Parks and Crump were after a civil payout after the murder trial was won, but they had to settle on the million dollars conned from the Condo Complex’s insurance company and whatever fees they got from Martin Family fundraising schemes.

Now we have them sucking up to the racists to get a bunch of money from the City of Ferguson.

I will say that P-C Law Firm certainly is very successful in hiring attractive female spokes-models to impress their target audiences.

    platypus in reply to gad-fly. | September 20, 2014 at 2:10 pm

    No offense but their sense of timing and political awareness is what got the million dollar payout. Not a con job but a very slick sales job (in settlement negotiations).

    I admit there isn’t a whole lot of daylight between the two but there is some daylight. Plus, it was private money which is so much better than taxpayer money.

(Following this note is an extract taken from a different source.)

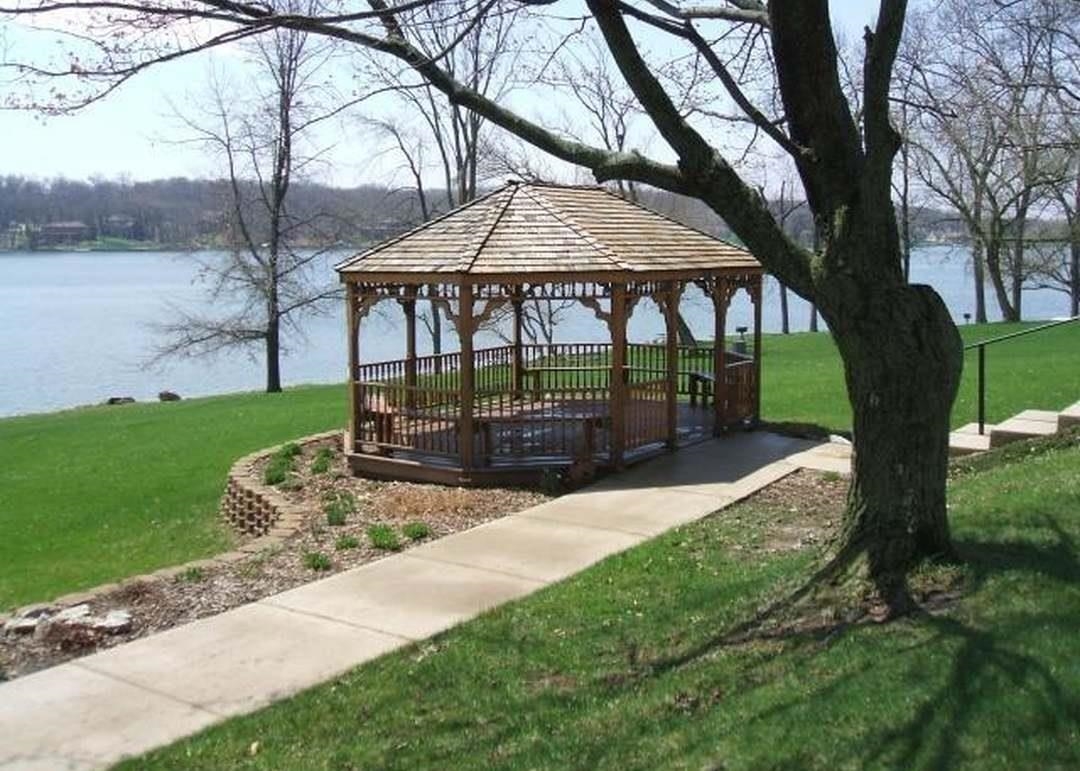 123 Newport Road Davis, IL 61019 - Photo 6 of 11 a view of a backyard with a garden and trees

..”students will engage in non-traditional legal analysis, exploring the literature on the sociological intersection of race and the law, and examine and reflect on complementary forms of advocacy, such as the use of the media as a tool of advocacy . . . “

Just another course in identity politics musicology.

Don’t forget that Donna Shalala had to give the final sign-off on this. (I suppose)

There was no justice. Zimmerman’s life was ruined.

The only one who got Justice was Martin, and it wasn’t the state that gave it to him, just some poor unlucky neighborhood volunteer.